═══ RECORDS TO PROCESS
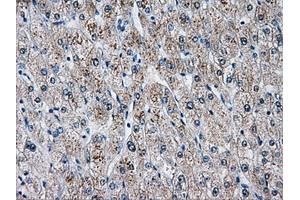 Immunohistochemical staining of paraffin-embedded pancreas tissue using anti-AKR1A1mouse monoclonal antibody. (AKR1A1 Antikörper)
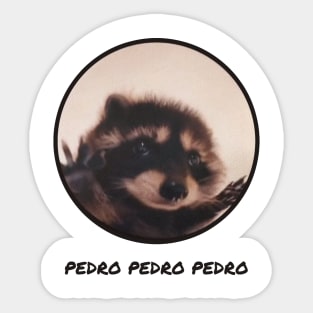 Pedro Raccoon Meme Animal Viral Pet Sticker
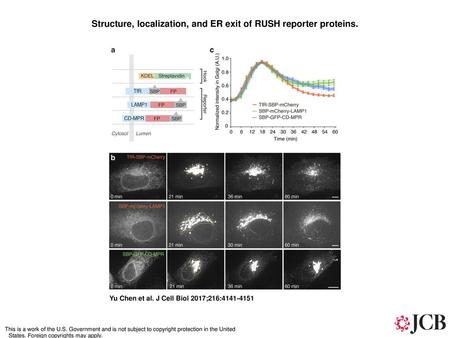 Structure, localization, and ER exit of RUSH reporter proteins.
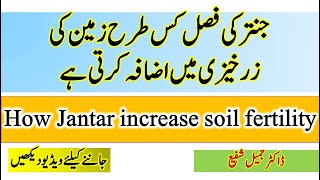 How Jantar crop increase soil fertility  green manuring  nitrogen fixing bacteria  Dr Jamil [upl. by Adnauqaj]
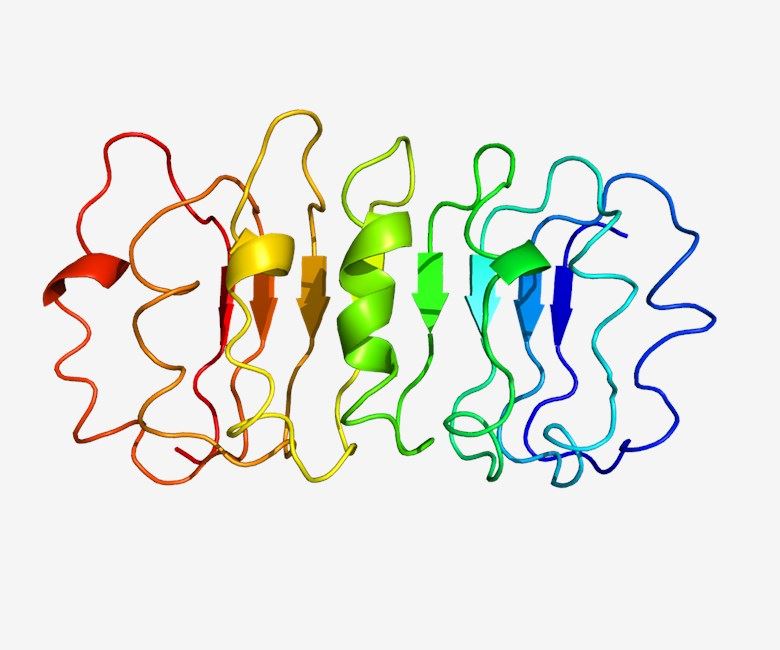 TSHR Membrane Protein Introduction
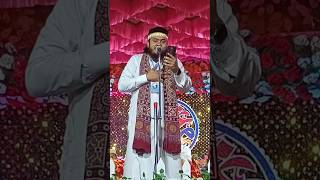 Kisi Raees Ko Main Dil mein rakh Nahin Sakta Nadeem Raza Faizi ursmujahid viralvideos [upl. by Addam]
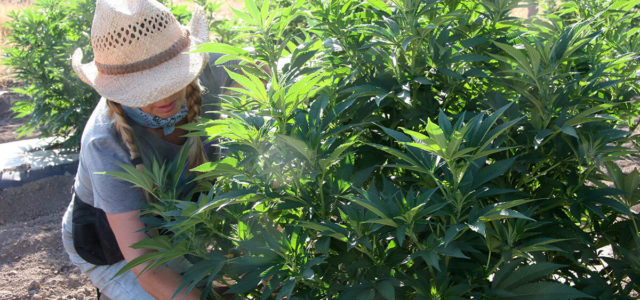 Trade coalition asks SBA to include hemp farmers in coronavirus stimulus loan package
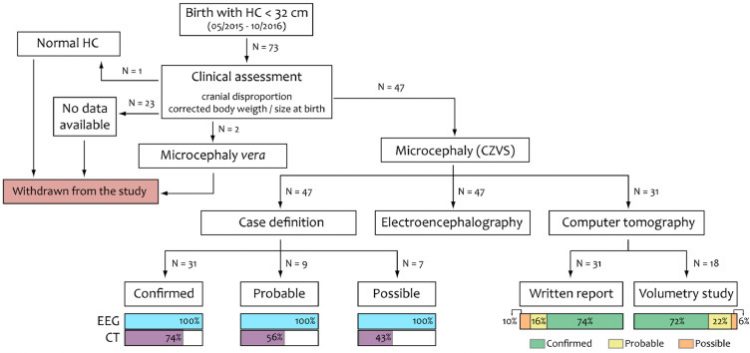 Association between brain morphology and electrophysiological features in Congenital Zika Virus Syndrome: A cross-sectional, observational study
══════
## PROBLEM STATEMENT
Could you output the listing word for word, omitting every picture?

## SOLUTION TO THE PROBLEM
 Immunohistochemical staining of paraffin-embedded pancreas tissue using anti-AKR1A1mouse monoclonal antibody. (AKR1A1 Antikörper)
 Pedro Raccoon Meme Animal Viral Pet Sticker
 Structure, localization, and ER exit of RUSH reporter proteins.
 How Jantar crop increase soil fertility  green manuring  nitrogen fixing bacteria  Dr Jamil [upl. by Adnauqaj]
 TSHR Membrane Protein Introduction
 Kisi Raees Ko Main Dil mein rakh Nahin Sakta Nadeem Raza Faizi ursmujahid viralvideos [upl. by Addam]
 Trade coalition asks SBA to include hemp farmers in coronavirus stimulus loan package
 Association between brain morphology and electrophysiological features in Congenital Zika Virus Syndrome: A cross-sectional, observational study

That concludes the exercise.